Stored data entries:
^^^^^^^^
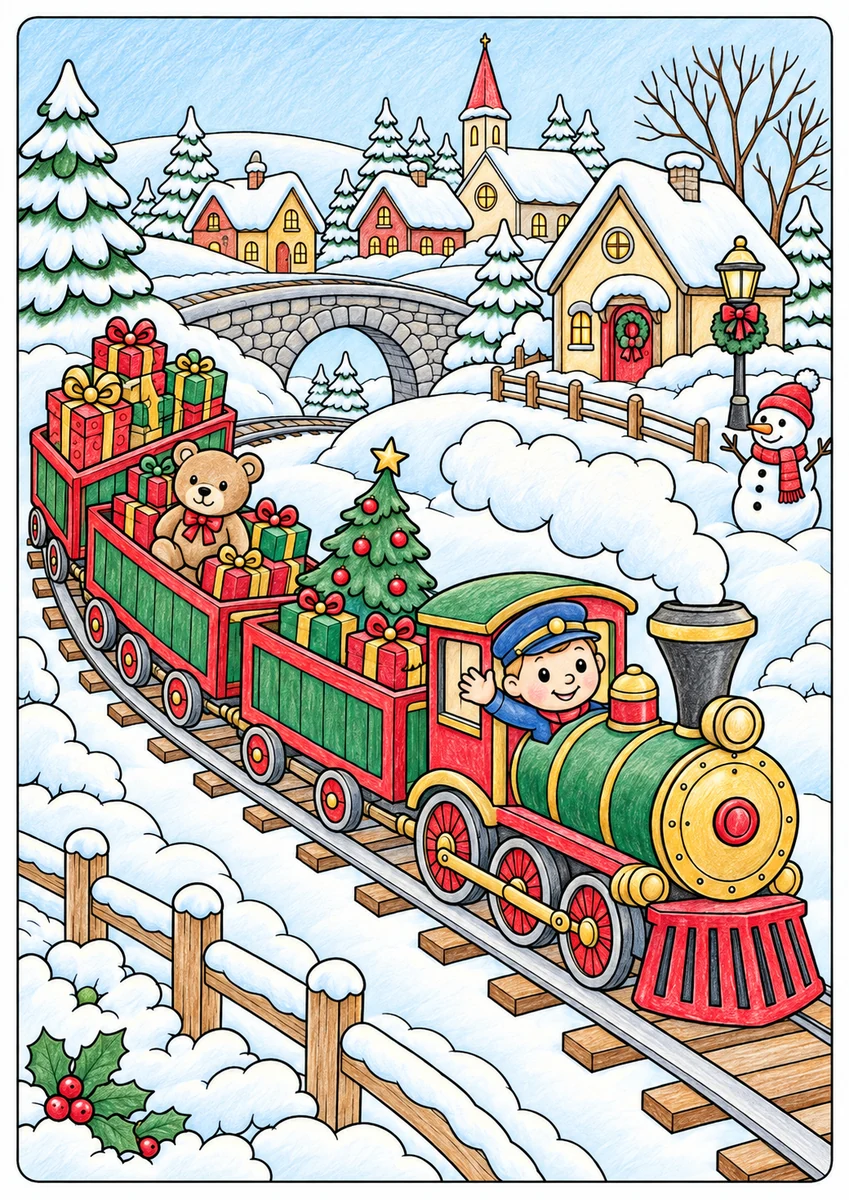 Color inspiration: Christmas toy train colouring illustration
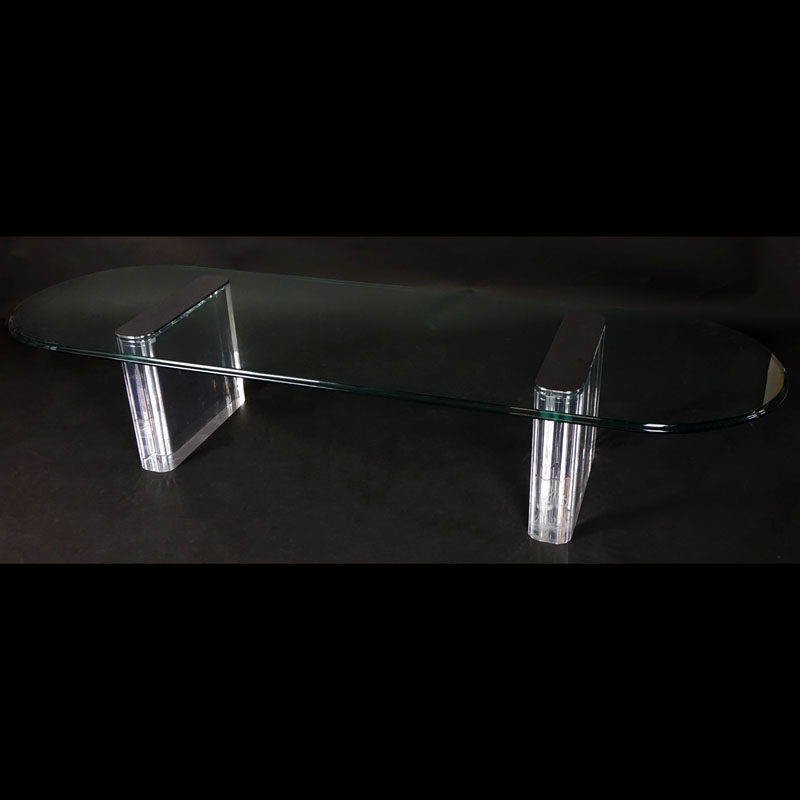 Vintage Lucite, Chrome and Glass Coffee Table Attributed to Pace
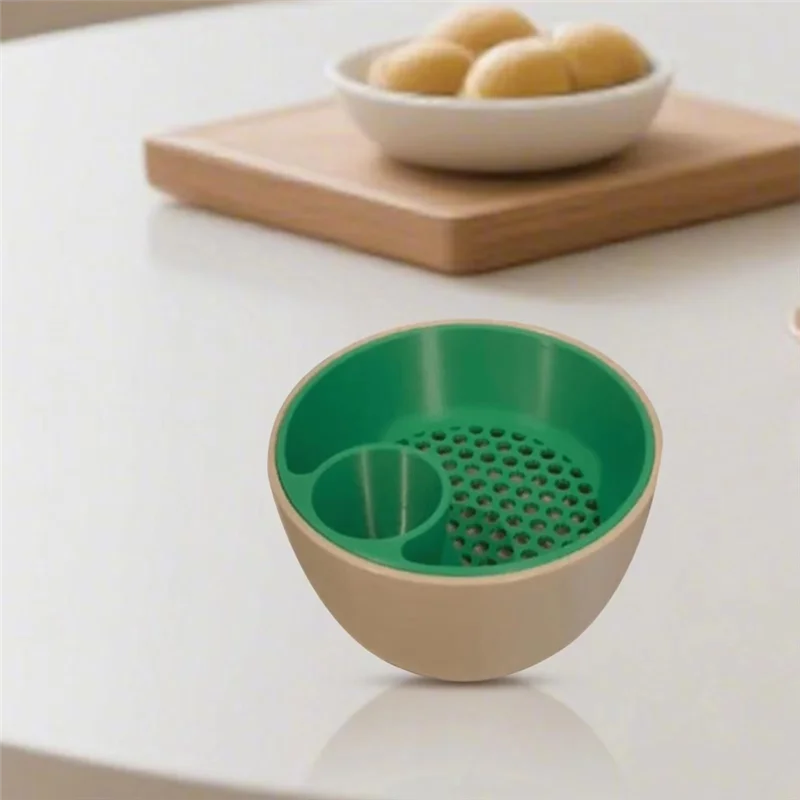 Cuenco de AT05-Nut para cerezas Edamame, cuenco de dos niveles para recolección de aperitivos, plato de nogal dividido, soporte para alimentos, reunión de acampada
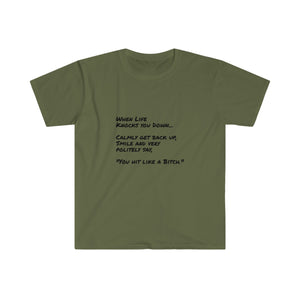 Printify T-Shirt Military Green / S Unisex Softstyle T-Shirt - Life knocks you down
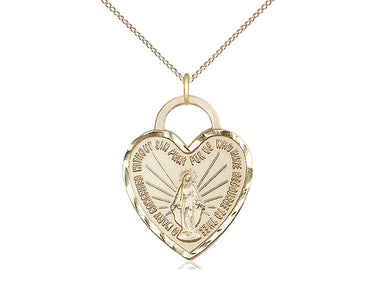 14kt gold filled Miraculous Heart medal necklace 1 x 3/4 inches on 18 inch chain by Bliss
^^^^^^^^
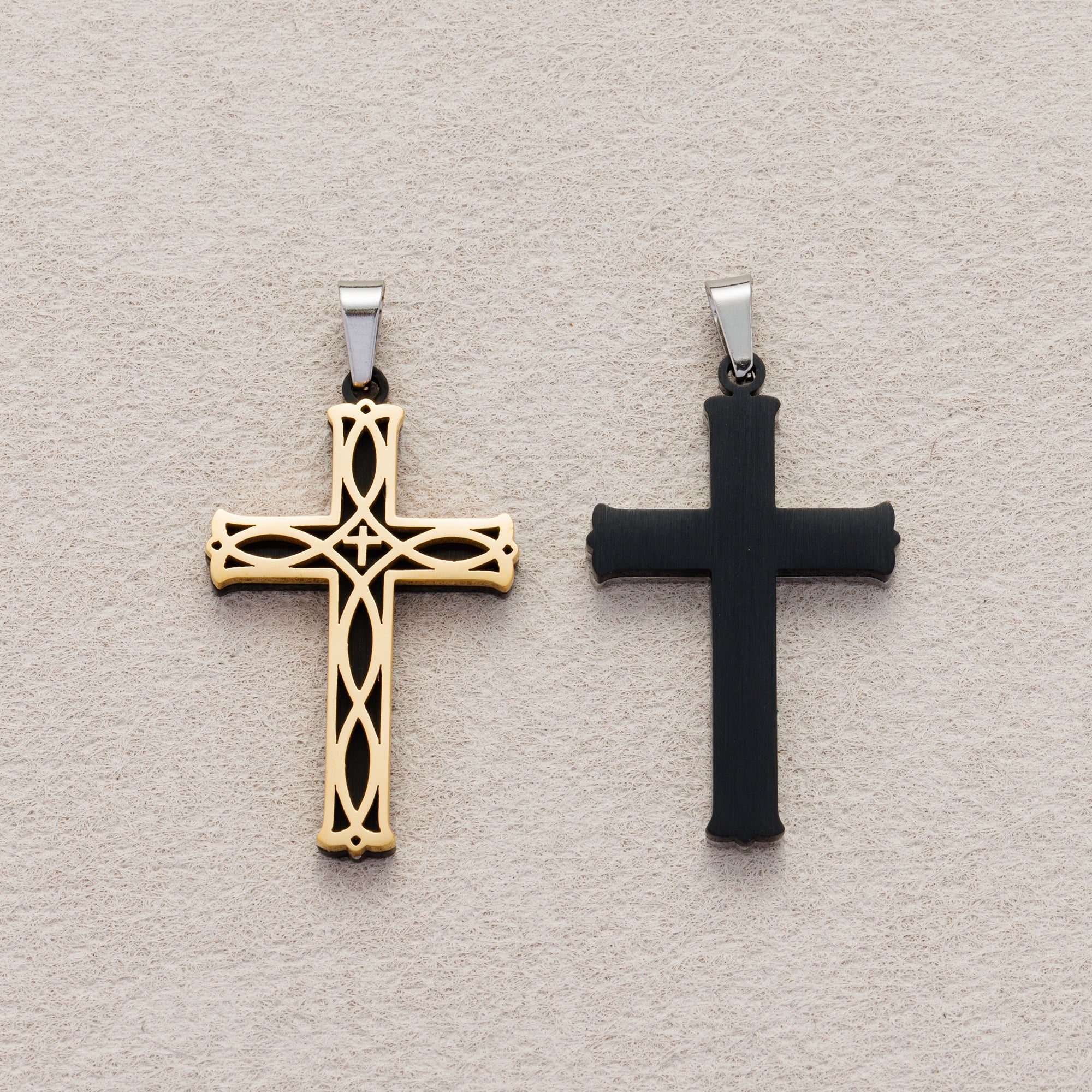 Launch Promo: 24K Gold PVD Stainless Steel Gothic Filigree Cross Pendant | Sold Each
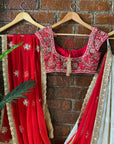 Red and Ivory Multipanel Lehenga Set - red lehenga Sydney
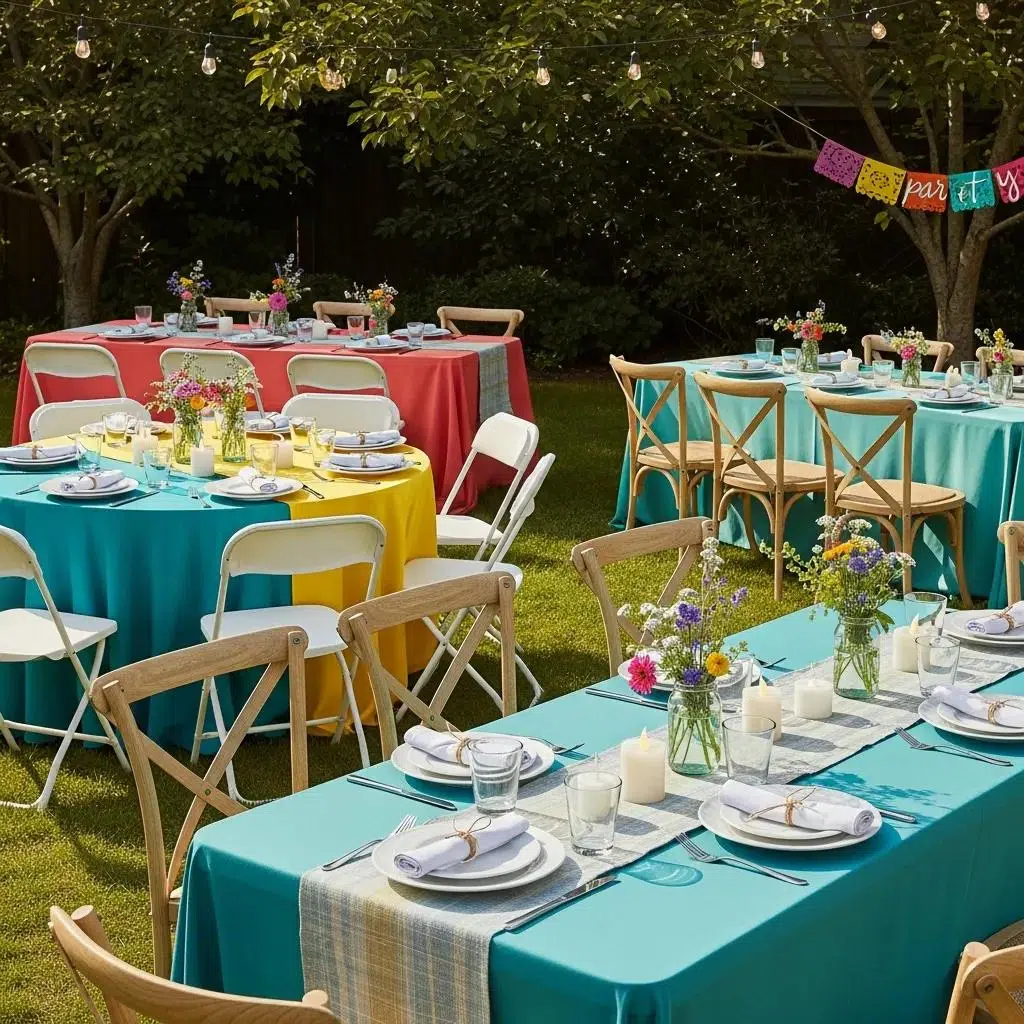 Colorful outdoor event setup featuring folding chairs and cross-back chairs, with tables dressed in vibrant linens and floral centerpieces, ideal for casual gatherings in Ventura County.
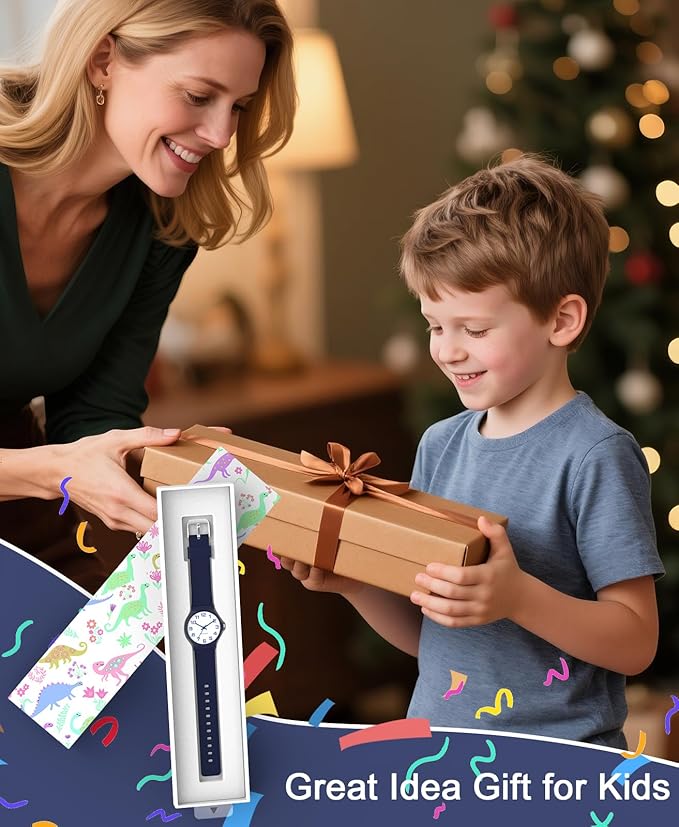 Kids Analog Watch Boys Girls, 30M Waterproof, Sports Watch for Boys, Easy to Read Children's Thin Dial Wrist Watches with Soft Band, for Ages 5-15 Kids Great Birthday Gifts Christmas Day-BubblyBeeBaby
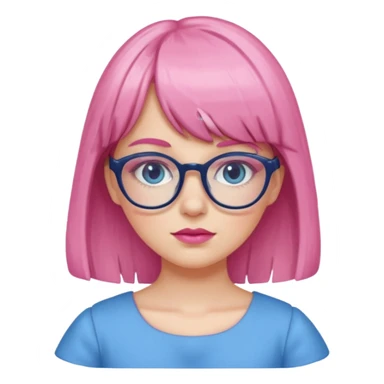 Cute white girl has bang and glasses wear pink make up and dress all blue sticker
^^^^^^^^
**TO DO:**
"Launch Promo: 24K" marks the first line to copy, and "Cute white girl" marks the last. Repeat that stretch above exactly, with no pictures.

**SOLUTION TO THE EXERCISE:**
 Launch Promo: 24K Gold PVD Stainless Steel Gothic Filigree Cross Pendant | Sold Each
 Red and Ivory Multipanel Lehenga Set - red lehenga Sydney
 Colorful outdoor event setup featuring folding chairs and cross-back chairs, with tables dressed in vibrant linens and floral centerpieces, ideal for casual gatherings in Ventura County.
 Kids Analog Watch Boys Girls, 30M Waterproof, Sports Watch for Boys, Easy to Read Children's Thin Dial Wrist Watches with Soft Band, for Ages 5-15 Kids Great Birthday Gifts Christmas Day-BubblyBeeBaby
 Cute white girl has bang and glasses wear pink make up and dress all blue sticker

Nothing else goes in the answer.